In the Ottawa Citizen’s strangely named “Business” section, Peter Victor argues against economic growth. It’s a common argument in my circles, but not one typically espoused at a CanWest newspaper.
If we choose to rebuild our shattered economies, a return to the blind and obsessive pursuit of “economic expansion” isn’t just impossible, but also disastrous and self-destructive.
Times have changed. We’ve destroyed and are destroying our ecological supports, have run out of cheap energy, of water, of accommodating atmosphere, have built an empty financial system based on deceit and corruption, and have seen genuine measures of well-being fall since the 1970s.
Key to these civilizational failures is the West’s belief that all problems can be solved through limitless expansion of the economy at any cost.

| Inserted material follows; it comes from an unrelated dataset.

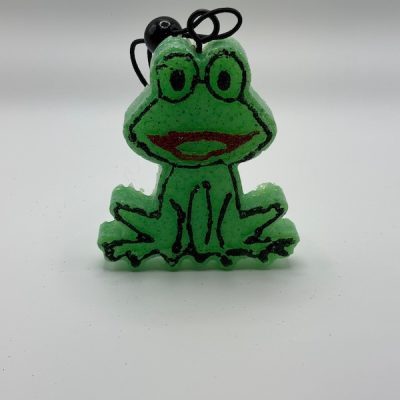 Hop Tart frog freshie in bright green with cartoon eyes and red lips, handcrafted scented air freshener by Wicked Redhead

Victor argues it is time for a rethink and it is refreshing to read the argument in a major commercial daily.
The way out, he says, is to look to the rather ignored field of “ecological economics.”
Ecological economists understand economies to be subsystems of the earth ecosystem, sustained by a flow of materials and energy from and back to the larger system in which they are embedded. It is understandable that when these flows were small relative to the earth they could be ignored, as they have been in much of mainstream economics.
[The] mainstream perspective teaches that if resource and environmental constraints are encountered, scarcities will be signalled by increases in prices that will induce a variety of beneficial changes in behaviour and technology. Should this system of scarcity-price-response fail then economists can estimate “shadow” prices which can be imposed directly through taxes or used indirectly through policies based on cost-benefit analysis to fix the problem.
To ecological economists, this is an inadequate response to the myriad problems of resource depletion, environmental contamination and habitat destruction confronting humanity in the 21st century. They question the pursuit of endless economic growth and contemplate a very different kind of future.
To visualize this in practice, he offers examples from his own work and action being taken elsewhere.
I have examined whether and under what conditions a country like Canada could have full employment, no poverty, much reduced greenhouse gas emissions, and maintain fiscal balance, without relying on economic growth. Using a comparatively simple model of the Canadian economy I have explored scenarios in which these objectives are met. The ingredients for success include a shorter work year to reduce unemployment yet retain the advantages of technological progress, a carbon price to discourage greenhouse gas emissions, and more generous anti-poverty programs.
In such an economy, success would not be judged by the rate of economic growth but by more meaningful measures of personal and community well-being. We would adjust to strict limits on our use of materials, energy, land and waste, guided by prices that provide more accurate information about real rather than contrived scarcities. We would enjoy more services and fewer but more durable and repairable products, and we would value use over status when deciding what to buy.
Rampant consumerism would be history, advertising would be more informative and less persuasive, and new technologies would be better screened to avoid problems to be fixed later, if at all. Infrastructure, buildings and equipment would be more efficient in their use of energy and we would think and act more locally and less globally. With more free time at our disposal we would educate ourselves and our children for life not just work.
While that’s a pretty high-level summary of how an ecologically-minded economy would be experienced it’s far more appealing than anything I’ve heard from a policy-maker since the crisis manifested.
So why is there such a mechanical rejection of this when it hits legislators, candidates, or city councillors? Or the most corporate media?
The status-quo isn’t acceptable, nor is it even possible. There is an opportunity to adjust voluntarily and positively. If we deny the world as it is and as we have made it, our adjustment will be involuntary and much more unpleasant.